What's the right way to update a field of a DistributedDataParallel object during training?

What is the correct way to update a class variable once the model has been wrapped around a DistributedDataParallel?

In the case below, if we take a snapshot of self.k for each model in each gpu, at the same time, we can get different results.

Any idea why that happens and how to solve that?

I guess loss would be different across all the models?

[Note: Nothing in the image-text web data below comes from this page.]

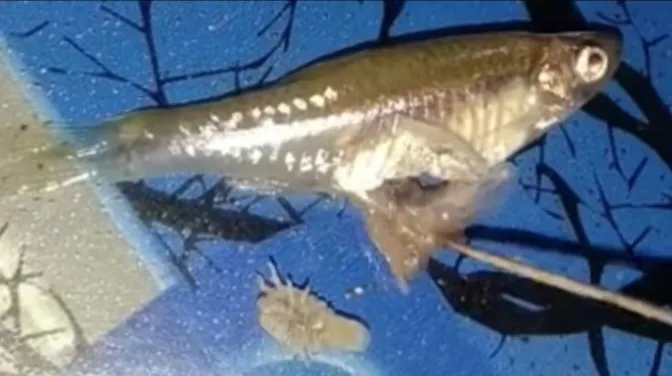 Heboh, Perut ikan Dibelah Isinya Kutu Kura-kura Hidup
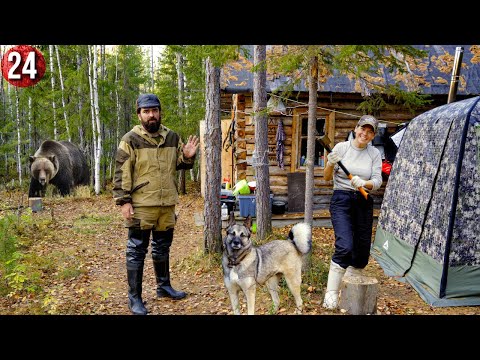 Видео: Bushcraft - 34,35 день. Рыбалка в глухой тайге. Река забита щукой. Сбор грибов. Бушкрафт по-русски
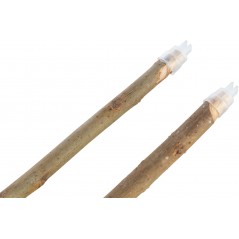 Set de perchoirs en bois d'écorce 45cm/10-12mm - Trixie à 3,50 € - Trixie - 58748 - Perchoirs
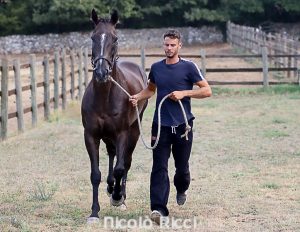 Turbine al Ceppo: "Chi mi sceglie sa che sono uno che tira a vincere e ci prova sempre"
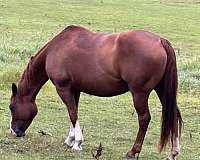 sorrel-aqha-horse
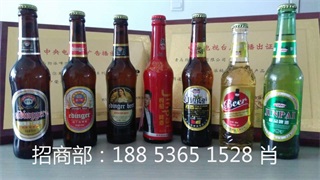枸杞啤酒招商18853651528（图）_2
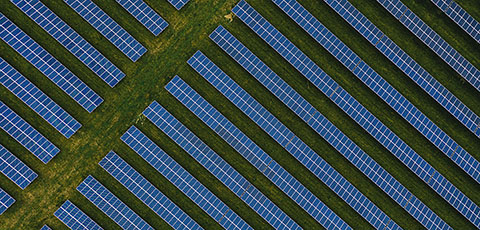 Cultivating sustainable agriculture industry practices requires a strategic process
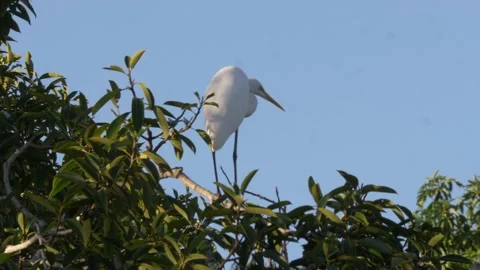 Crane in Tree Stockbeeldmateriaal 168387522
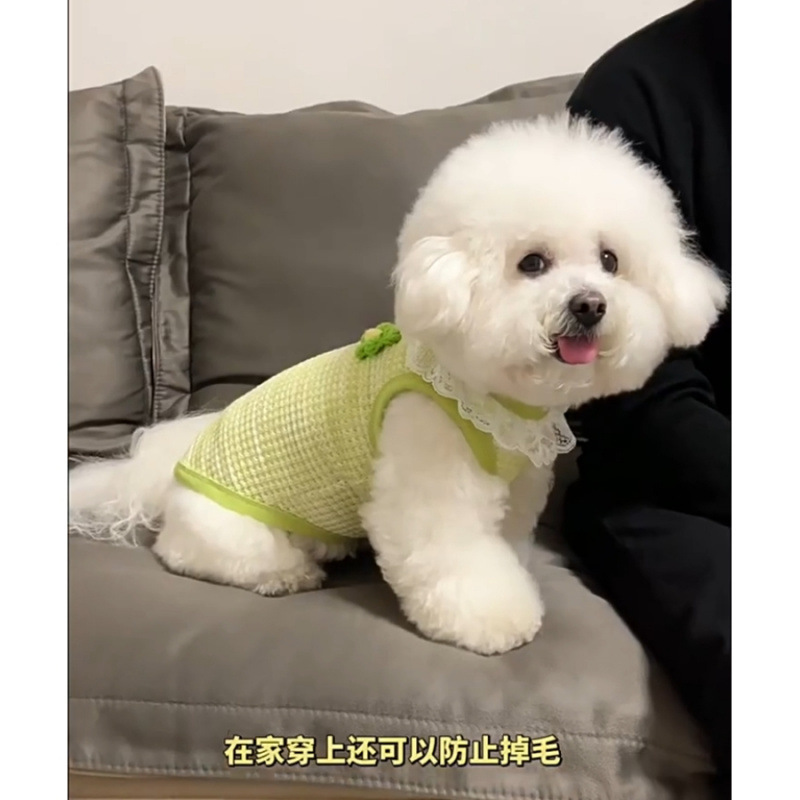 Ropa de perro de verano delgada con botón de tracción lindo chaleco sin mangas de encaje Teddy Bear Boomerang pequeño cachorro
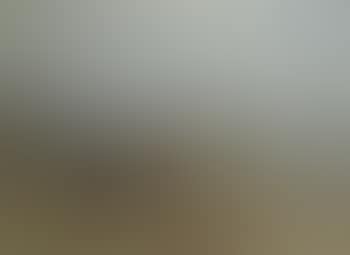 Marine (preview)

class Model(torch.nn.Module):
    def __init__(self):
        self.fc = torch.nn.Linear(128, 128)
        self.register_buffer("k", 0)
        self.callback = lambda x: x + 1

    def forward(self, x):
        return self.fc(x)

    def training_step(self, x, y):
        y_hat = self(x)
        loss = torch.nn.functional.binary_cross_entropy(y_hat, y)
        if loss > 1.:
            self.callback(loss, self.k)
1 Like

Hey @epignatelli

When did you take the snapshot of self.k? DDP will broadcast all buffers from rank 0 process to other processes right before calling Mode.forward. See the code below. So given the above code, the buffer should be consistent across all processes before the self.callback is launched.

1 Like

BTW, could you please add a “distributed” tag to distributed-training related questions? So that people working on it can get back to you promptly. Thanks!